Berlin - Dass Alba Berlin unter Coach Aito Garcia Reneses nicht nur herzerfrischenden Basketball spielen, sondern auch Titel gewinnen kann, hatte die Mannschaft bereits in der vergangenen Saison bewiesen. Wie groß war die Erleichterung, als im vergangenen Jahr das Double aus Pokalsieg und Meisterschaft gefeiert werden konnte. Manch einer diskutierte die Begleitumstände vor dem Pokalfinale, andere sprachen dem Gewinn der Meisterschaft beim Bubble-Turnier in München den Wert ab. Darüber hinaus musste man bis zu diesem 13. Juni 2021 annehmen, dass diese Trophäen auch nur geholt wurden, weil in beiden Endspielen der Gegner nicht FC Bayern München hieß. Denn: Dieser Club mit seiner Mia-San-Mia-Mentalität ist seit seiner Zugehörigkeit zur Beletage des deutschen Basketballs so etwas wie das Kryptonit für Superman. Diese meist grünliche Substanz, die den Superhelden aus den Comics verwunden und schwächen kann.
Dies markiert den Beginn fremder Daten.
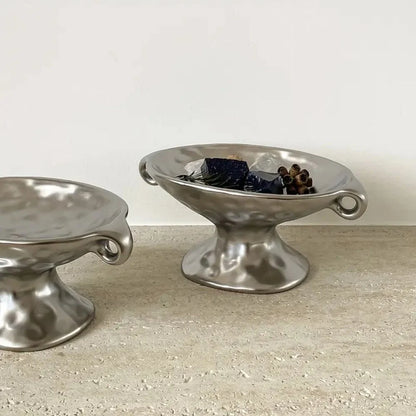 Jewelry Tray Oval Ceramic Dual Handles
Zuvor alle sechs Play-off-Runden verloren

Genau vier Wochen zuvor wurde die Theorie vom FC Bayern und seiner Kryptonit-Wirkung auf Alba Berlin wieder einmal bestätigt. Beim Pokalfinale in München zauberte Alba ein sensationelles erstes Viertel auf das Parkett, um dann völlig einzubrechen und wieder einmal ein wichtiges Duell mit dem Rivalen zu verlieren. Siege in der Hauptrunde der Bundesliga hatte es in den vergangenen Jahren für Alba Berlin immer mal wieder gegeben. Dann, wenn es darauf ankam, konnte frühere Serienmeister nur einmal triumphieren: beim Pokalsieg 2016. In den Play-offs um die deutsche Meisterschaft war Alba Berlin bis in diese Saison in sechs Anläufen jedes Mal als Verlierer aus einer Serie gegangen.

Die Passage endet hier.